BEGIN
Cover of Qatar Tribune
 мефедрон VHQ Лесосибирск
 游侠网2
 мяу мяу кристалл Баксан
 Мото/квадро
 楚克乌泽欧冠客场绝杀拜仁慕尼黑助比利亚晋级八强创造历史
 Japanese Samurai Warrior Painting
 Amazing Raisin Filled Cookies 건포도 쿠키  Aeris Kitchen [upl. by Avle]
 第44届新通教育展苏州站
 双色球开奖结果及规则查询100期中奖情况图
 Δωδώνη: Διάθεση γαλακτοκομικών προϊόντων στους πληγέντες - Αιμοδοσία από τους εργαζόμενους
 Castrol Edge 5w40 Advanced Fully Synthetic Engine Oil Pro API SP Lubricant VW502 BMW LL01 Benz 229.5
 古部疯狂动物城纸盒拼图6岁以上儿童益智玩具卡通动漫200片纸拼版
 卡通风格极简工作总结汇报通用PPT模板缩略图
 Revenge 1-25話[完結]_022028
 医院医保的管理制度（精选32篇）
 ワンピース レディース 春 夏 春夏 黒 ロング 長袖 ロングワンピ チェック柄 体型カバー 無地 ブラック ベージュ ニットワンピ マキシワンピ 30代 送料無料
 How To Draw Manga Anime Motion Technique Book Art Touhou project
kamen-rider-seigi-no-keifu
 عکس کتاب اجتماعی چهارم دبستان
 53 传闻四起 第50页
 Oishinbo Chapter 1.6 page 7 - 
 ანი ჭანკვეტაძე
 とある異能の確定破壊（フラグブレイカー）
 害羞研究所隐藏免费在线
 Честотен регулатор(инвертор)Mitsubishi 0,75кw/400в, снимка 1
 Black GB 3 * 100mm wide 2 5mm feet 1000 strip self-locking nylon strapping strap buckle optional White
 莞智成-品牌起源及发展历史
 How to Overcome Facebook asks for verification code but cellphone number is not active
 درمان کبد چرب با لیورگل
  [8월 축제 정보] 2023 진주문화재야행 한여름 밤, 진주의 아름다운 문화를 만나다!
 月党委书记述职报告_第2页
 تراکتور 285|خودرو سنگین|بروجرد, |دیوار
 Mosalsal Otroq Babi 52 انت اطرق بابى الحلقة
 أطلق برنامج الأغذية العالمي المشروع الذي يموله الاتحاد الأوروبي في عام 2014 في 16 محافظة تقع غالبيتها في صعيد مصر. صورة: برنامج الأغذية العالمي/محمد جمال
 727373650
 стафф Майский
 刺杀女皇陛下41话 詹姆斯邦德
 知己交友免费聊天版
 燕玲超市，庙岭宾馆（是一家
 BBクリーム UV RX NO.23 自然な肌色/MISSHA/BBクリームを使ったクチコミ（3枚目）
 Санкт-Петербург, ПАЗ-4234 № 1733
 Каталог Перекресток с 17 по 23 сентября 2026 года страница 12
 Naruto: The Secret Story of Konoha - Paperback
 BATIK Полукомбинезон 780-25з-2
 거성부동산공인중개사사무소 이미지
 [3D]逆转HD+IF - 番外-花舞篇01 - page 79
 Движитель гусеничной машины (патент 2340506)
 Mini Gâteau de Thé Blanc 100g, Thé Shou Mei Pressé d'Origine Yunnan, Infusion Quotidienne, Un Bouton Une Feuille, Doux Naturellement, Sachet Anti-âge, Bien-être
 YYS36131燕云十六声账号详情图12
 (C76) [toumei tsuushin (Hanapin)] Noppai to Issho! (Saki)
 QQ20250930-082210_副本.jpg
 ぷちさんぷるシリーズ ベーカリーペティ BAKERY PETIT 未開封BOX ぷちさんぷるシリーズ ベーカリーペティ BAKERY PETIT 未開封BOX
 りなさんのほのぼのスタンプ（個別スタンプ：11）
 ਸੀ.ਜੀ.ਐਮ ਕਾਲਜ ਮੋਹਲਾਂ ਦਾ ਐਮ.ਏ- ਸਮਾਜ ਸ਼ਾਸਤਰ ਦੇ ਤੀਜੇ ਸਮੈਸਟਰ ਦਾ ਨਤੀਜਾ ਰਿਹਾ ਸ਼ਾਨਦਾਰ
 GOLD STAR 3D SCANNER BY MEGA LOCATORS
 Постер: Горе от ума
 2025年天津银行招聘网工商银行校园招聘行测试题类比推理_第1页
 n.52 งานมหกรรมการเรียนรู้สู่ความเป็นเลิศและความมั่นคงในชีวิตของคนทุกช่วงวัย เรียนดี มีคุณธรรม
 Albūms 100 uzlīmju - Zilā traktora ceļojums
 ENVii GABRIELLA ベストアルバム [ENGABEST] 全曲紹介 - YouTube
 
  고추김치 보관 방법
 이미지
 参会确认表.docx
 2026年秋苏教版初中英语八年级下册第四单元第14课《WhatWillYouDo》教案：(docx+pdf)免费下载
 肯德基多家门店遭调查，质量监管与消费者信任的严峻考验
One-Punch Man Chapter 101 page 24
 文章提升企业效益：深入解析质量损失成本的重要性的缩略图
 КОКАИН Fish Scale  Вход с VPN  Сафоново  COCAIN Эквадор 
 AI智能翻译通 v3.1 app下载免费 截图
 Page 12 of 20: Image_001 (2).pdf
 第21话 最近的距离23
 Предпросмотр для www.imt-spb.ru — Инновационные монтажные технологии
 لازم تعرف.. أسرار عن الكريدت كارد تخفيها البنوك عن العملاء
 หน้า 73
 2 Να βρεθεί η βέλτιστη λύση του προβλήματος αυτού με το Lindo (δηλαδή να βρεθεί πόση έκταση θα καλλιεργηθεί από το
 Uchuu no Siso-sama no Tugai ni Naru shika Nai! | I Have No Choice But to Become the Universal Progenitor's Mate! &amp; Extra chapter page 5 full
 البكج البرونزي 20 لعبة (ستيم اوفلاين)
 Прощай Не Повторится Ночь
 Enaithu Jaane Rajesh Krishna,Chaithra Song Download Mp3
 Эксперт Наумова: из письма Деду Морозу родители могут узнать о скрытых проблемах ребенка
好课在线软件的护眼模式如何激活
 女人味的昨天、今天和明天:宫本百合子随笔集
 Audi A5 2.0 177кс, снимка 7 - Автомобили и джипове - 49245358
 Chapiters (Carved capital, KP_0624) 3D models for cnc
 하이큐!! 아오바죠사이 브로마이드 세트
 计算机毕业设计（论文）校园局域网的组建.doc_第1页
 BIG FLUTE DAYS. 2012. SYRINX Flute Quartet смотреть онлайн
END
▶ **Task to complete**:
Scan the records above for the string "снимка", and copy every line where it turns up.

▶ **Answer area**:
 Честотен регулатор(инвертор)Mitsubishi 0,75кw/400в, снимка 1
 Audi A5 2.0 177кс, снимка 7 - Автомобили и джипове - 49245358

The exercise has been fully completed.